Syllabus

Statistical and Machine Learning

Code
FMI2224
Points
10 Credits
Level
Third Cycle
School
School of Technology and Business Studies
Subject field
Microdata Analysis (MIKRODAT)
Approved
Approved, 29 October 2019.
This syllabus is valid from 29 October 2019.

Learning Outcomes

Upon completion of the course, the PhD-student shall be able to:

• Select a suitable statistical models, and methods for a data analysis problem in the real world based on reasoned argument, especially when the underlying data generating mechanism is unknown.
• Apply various supervised and unsupervised statistical learning algorithms in a range of real world problems.
• Evaluate and optimise the performances of the learning models and algorithms, and communicate the expected accuracy of the model/algorithm.
• Combine several models to achieve higher predictive accuracy.
• Apply Neural Networks to real world problem solving.
• Conduct comparative analysis, both theoretical and empirical, in order to
 decide which Neural Network is most suitable for a particular task.
• Design different kinds of Neural Network, evaluate their performance, and
 use them to solve complex problems.
• Apply deep learning to real world problems.

Course Content

The course consists of two parts, statistical learning (Part 1, corresponding to Learning Outcomes 1-4) and Machine Learning (Part 2, Learning outcomes 5-8). Both parts of the course focuses mainly on the applied aspects of statistical learning and machine learning with Part 2 emphasizing on neural networks and deep learning.

In Part 1, the most important basic properties of, and relations between different statis-tical learning models and algorithms are also included, however. This part covers supervised learning algorithms, with special emphasis on classification methods such as logistic regression, classification trees, linear discriminant analysis, quadratic discri-minant analysis, K nearest neighbour, support vector machine, and regression methods such as linear regression, smoothing splines, generalised additive model, and regression trees. Part 1 also covers unsupervised learning methods such as principal component analysis, k mean clustering, and hierarchical clustering. Model validation through cross validation, and bootstrap methods are covered. Regularisation for model selection, high dimensional data analysis, and improving prediction performance through model averaging, bagging, and boosting techniques are also covered.
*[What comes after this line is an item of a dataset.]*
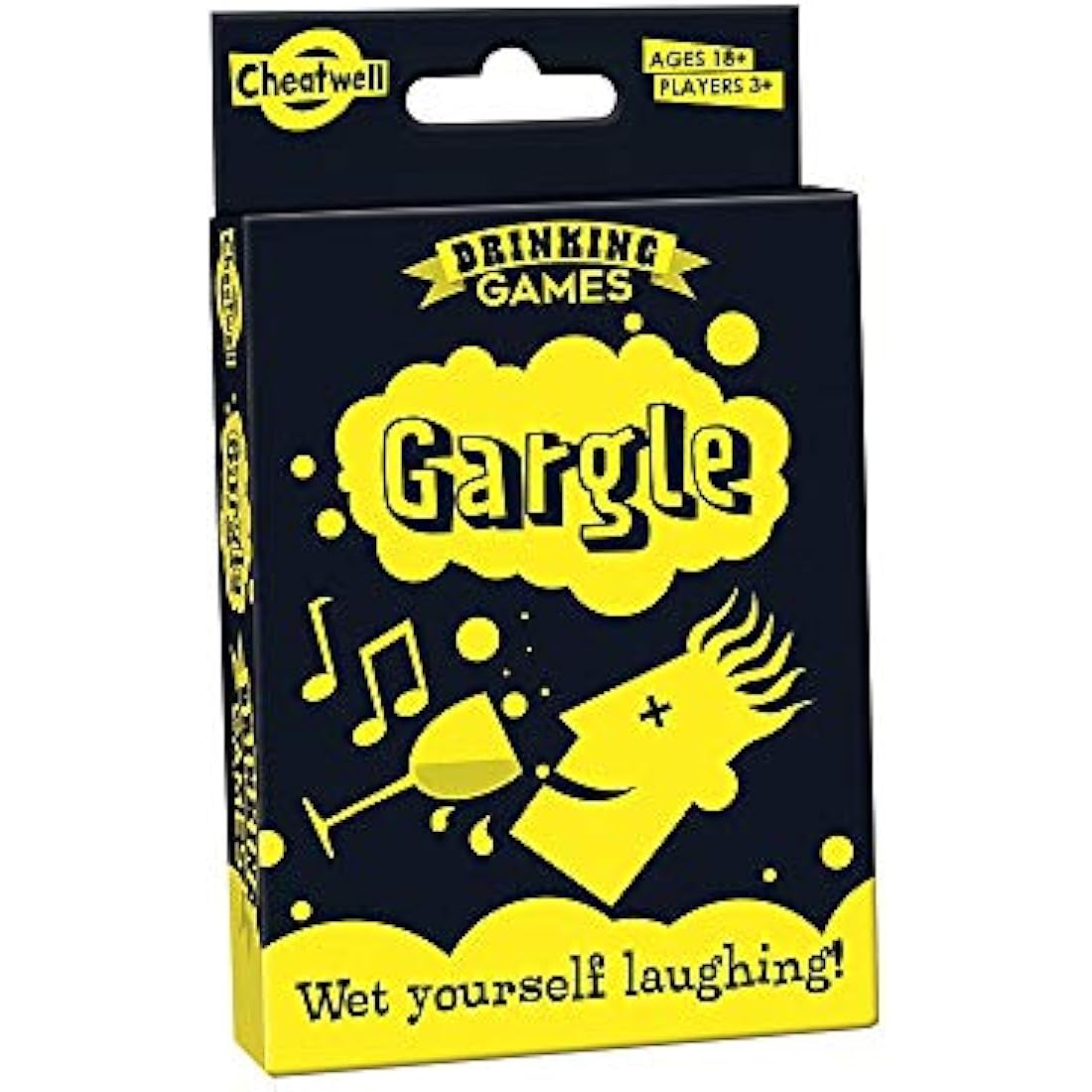 Cheatwell Games Drinking Card Game Gargle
Part 2 of the course gives an introduction to machine learning and an overview of neural networks. The perceptron as the basic element for linear seperability and its limitations in classification is discussed. Then, different activation functions and the sigmoid perceptron is studied to solve non-linear classification problems.
The different types of learning paradigms such as supervised, unsupervised,and reinforcement is covered in a machine learning context. Feed-forward neural networks and the back-propagation algorithm will be presented. The course will also cover recurrent neural networks. Finally, deep learning is discussed with emphasis on the basic principles and different types of deep learning neural networks.

Assessment

Part 1 and Part 2 are assessed independently.
Part 1 on statistical learning is assessed by assignment and written examination giving a total of 5 credits.
Part 2 on machine learning is assessed by a reported project work, written reflection and seminar giving another 5 credits.

Forms of Study

The course comprises lectures, labs, project work and seminars.

Grades

The Swedish grades U–G.

Prerequisites

  • Degree of Master 60 credits in Microdata Analysis